Bisher stand das vom verblichenen deutschen Entwicklungsstudio Ascaron erfundene „Sacred“ für komplexe und wunderbar nerdige Rollenspiel-Action. Wo „Das Schwarze Auge“ die deutsche Antwort auf „Dungeons & Dragons“ ist, da war „Sacred“ die auf „Diablo“. Leider hat Publisher Deep Silver jetzt versucht, die von deutschen Genre-Fans geliebte Marke fit zu machen für den internationalen Markt – mit dem Ergebnis, dass „Sacred“ jetzt weder den Ansprüchen der Fans noch denen neuer Kunden gerecht wird. Denn „Sacred 3“, das ist diesmal kein Action-RPG mehr, sondern ein unausgegorenes Koop-Kampfspiel – ein „Golden Axe“ mit einem Hauch von Rollenspiel.

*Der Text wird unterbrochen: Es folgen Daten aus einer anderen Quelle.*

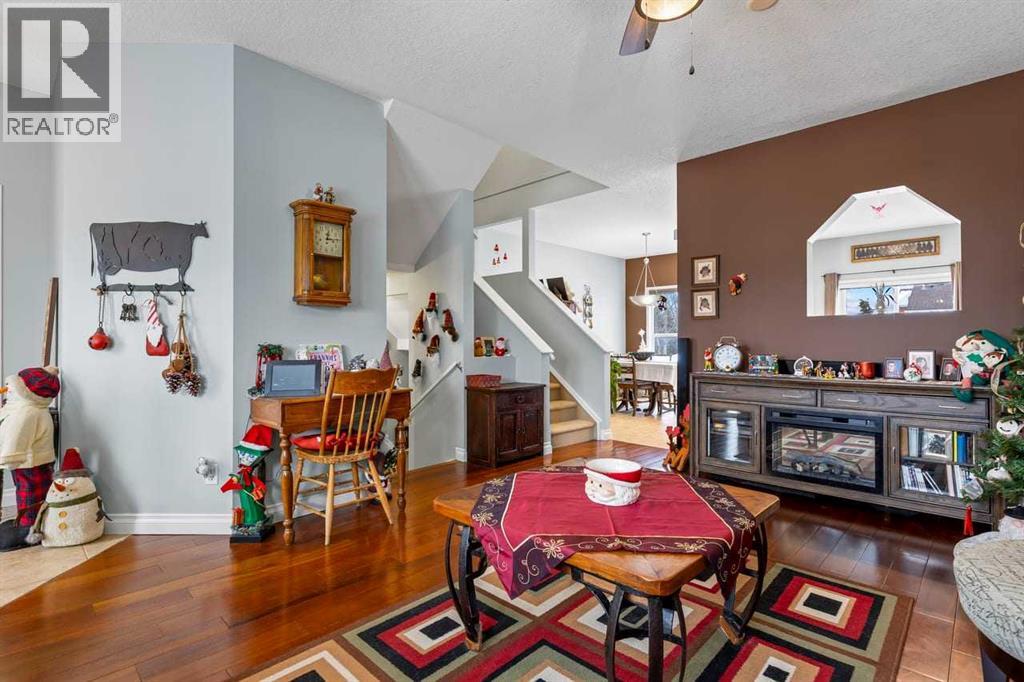 Single Family House for Sale in  Citadel Drive NW Citadel Calgary 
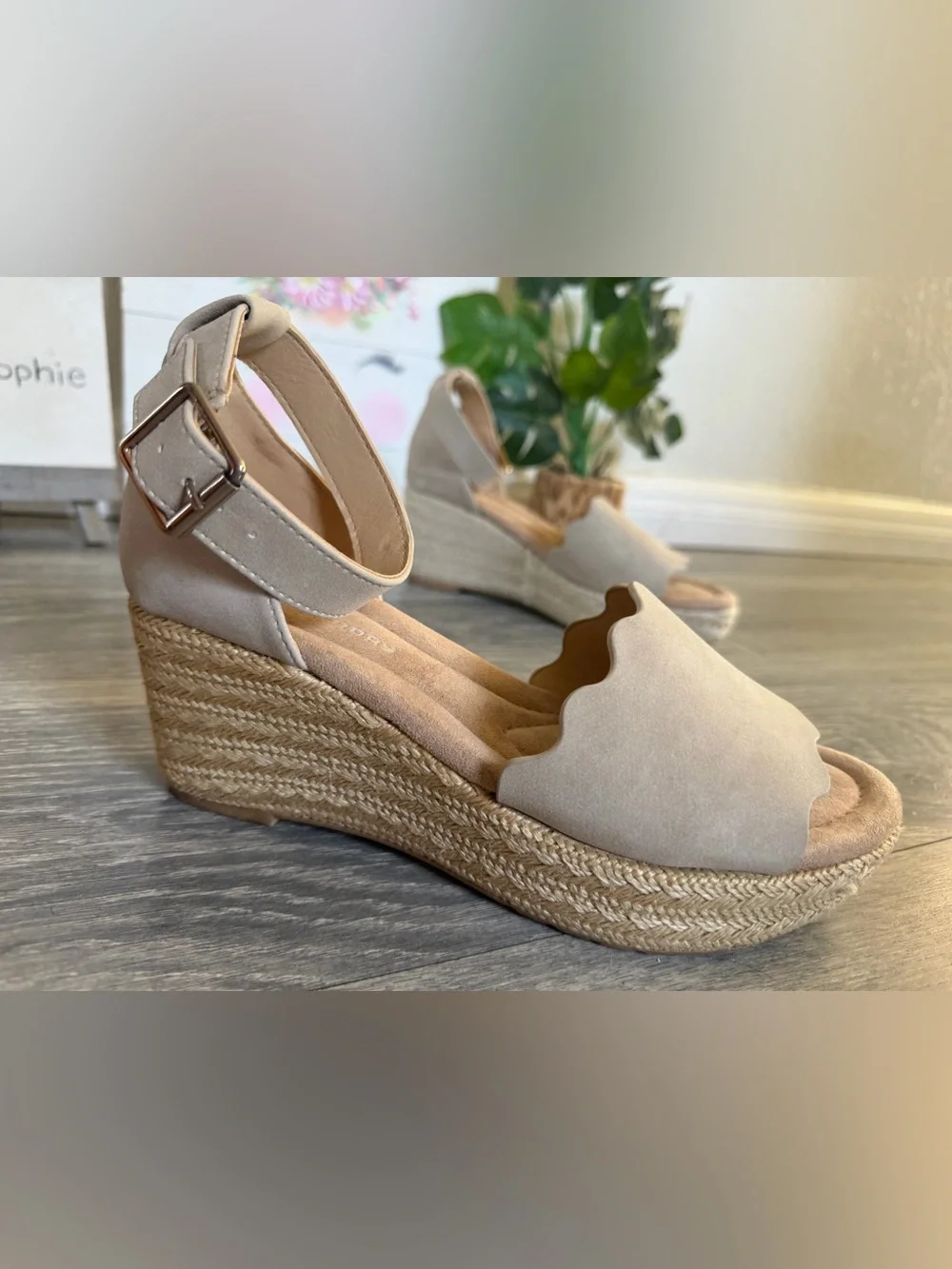 Chinese Laundry Bundle Pair Scallop Strap Wedge Espadrille Sandals Black Beige 7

Während man der belanglos zusammen-geflickschusterten Geschichte des Fantasy-Reichs zwischen den einzelnen Levels lauscht (oder besser: man sie so schnel wie möglich wegklickt), wird im Spiel selber entweder alleine oder zusammen mit einem Online-Freund gekeilt, gehackt und gezaubert, unnd zwar auf allen Systemen vorzugsweise mit Joypad.

 

Die starke Seite von „Sacred 3“ geht neben all den Verfehlungen leider ein bisschen unter: Eigentlich ist das vom Frankfurter Entwickler Keen Games gebastelte Möchtegern-Action-RPG ein kompetenter und obendrein äußerst hübscher Brawler, der mit reichlich Extra-Attacken und prachtvollen 3D-Sets aufwartet. Mit der geflügelten Seraphin-Kämpferin Luftwellen durch die feindlichen Reihen schicken, kreischende Goblins als Khukuri-Bogenschütze mit Pfeilen spicken oder in Gestalt eines muskelbepackten Rasta-Safiris die Streitaxt kreisen lassen: Das macht auch alleine Spaß, doch Level-Design und Balancing sind ganz klar auf Koop-Gemetzel ausgelegt. Wer das Scharmützel trotzdem lieber alleine erlebt, der sollte sich nur unter dem niedrigsten Schwierigkeitsgrad in die geradlinigen Levels wagen, sonst wird’s ohne Begleiter ganz schön haarig.

 

 

Immer haarig ist dagegen der selten dämliche Humor des Spiels, der wohl das Nerd-Sprech der Vorgänger einfangen soll, am Ende aber nur grottenschlecht ist: Die per Telepathie mit den Charakteren verbundene „Einsatzleiterin“ liefert sich im Hirn der Helden verblödet Zwiegespräche mit Boss-Gegnern oder den Geistwesen, die jeder Spieler zwischen den Leveln mit seiner Figur verlinken darf. Leider sind Verslein wie „Wenn Ihr mein Flaggschiff nicht verteidigt, dann schicke ich Euch ohne Essen ins Bett!“ oder „Jetzt gehe ich erstmal Fischstäbchen essen, aber beim nächsten Mal zeige ich es Euch!“ dermaßen hochnotpeinlich, dass sie die an sich nette Atmosphäre empfindlich stören – zumal unsere „Geistbegleiter“ nur höchst selten die Klappe halten.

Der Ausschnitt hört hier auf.